Recently, I decided to enter into a new phase of this blog. It was a decision that came partly out of necessity. I began a new graduate course and with it came a new blog assignment. This assignment presented me the opportunity to explore some of my primary intellectual interests with a more focused approach than in the past. I boiled these interests down to the broad topics of race, gender, politics, and literature. Looking at my past blog entries, these topics were most prominent. I also wanted to explore my interests in the context of contemporary theory, which is the subject of my course. Trauma theory stood out to me as having the most thought-provoking intersections with race and gender, so that is where I decided to start.
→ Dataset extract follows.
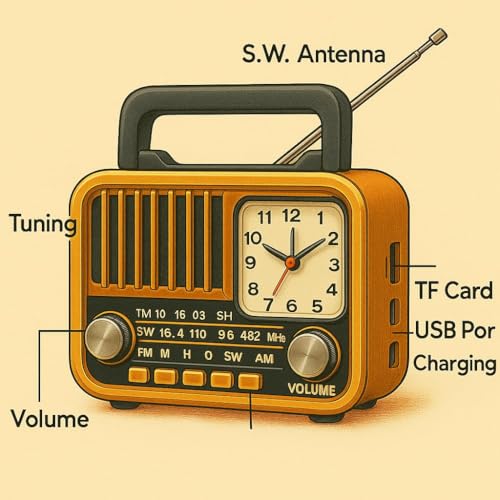 Image of FM Radio with Bluetooth Speaker with Powerful Sound | Vintage Style | Antenna 6w-12 Hours and Clock Design | USB Charging | AUX, SD Card, USB Input | Vintage-S669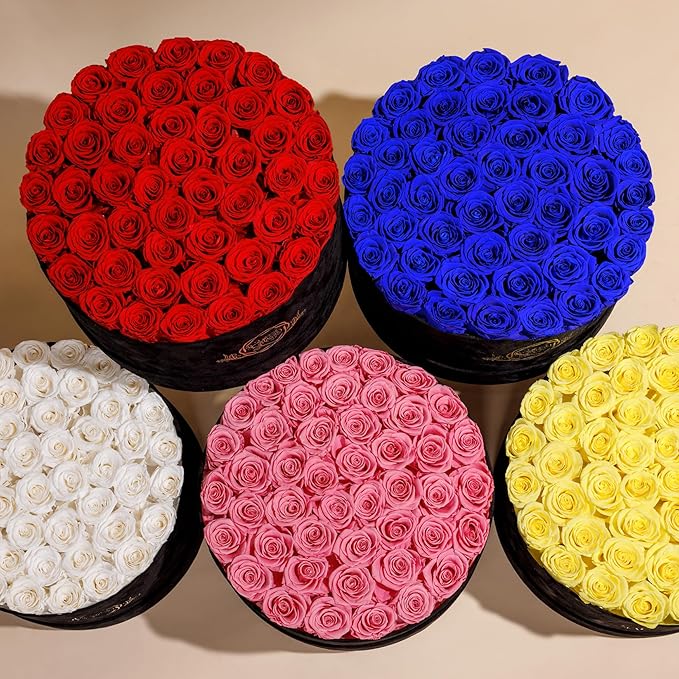 47 Roses in a Luxury Suede Box, Preserved Flowers for Women, Mothers Day Flowers for Mom, Light Pink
But I couldn’t start. Once I decided on the themes of my next blog posts, I began to experience some powerful writer’s block. How could I do these topics justice? What important contribution could I really make? On reading an essay by Toril Moi entitled “Meaning What We Say: The ‘Politics of Theory’ and the Responsibility of Intellectuals,” I decided to look more closely at my writing and the motivations behind it. Throughout her essay, Moi considers the relationship between politics and intellectual work. First, she writes about how leftist intellectuals justify their writing politically in order to defend the intrinsic value of intellectual work and assuage the guilt that derives from their privileged place in society (140). The danger in this tendency, according to Moi, is that it lends itself to absolutism—the fantasy that one particular theory or work can and must be omnipotent in its ethical and political import. The reality is that intellectual work never has absolute value and “we cannot predict the political effects of our writing” (Moi 159).
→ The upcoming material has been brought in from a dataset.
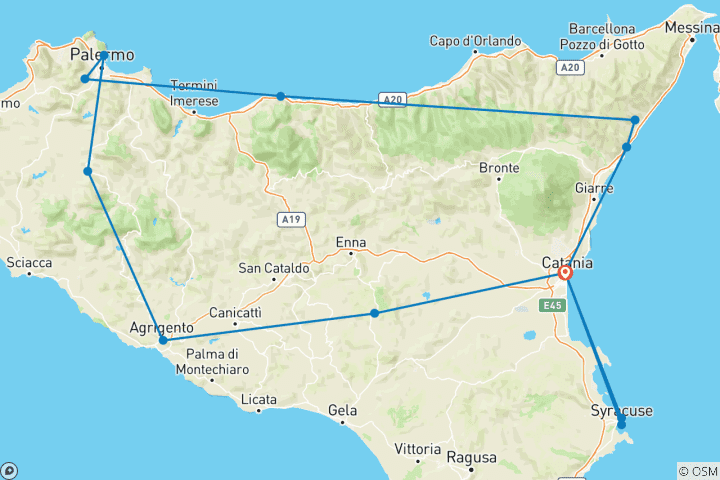 Kaart van Sicilia Bella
Like many writers, I strive to create politically effective work. I seek to bring about change with my writing, and more specifically cultural and socio-political change for the empowerment of disenfranchised people. Reading Moi made me realize that these goals, while respectable, are also paralyzing. If I were to wait to write something guaranteed to be politically significant, I would be waiting to write forever. While my work may never be politically effective, I will continue to be politically committed. My interests in politics and social change are rooted in my identity and history as a black Canadian woman of African descent.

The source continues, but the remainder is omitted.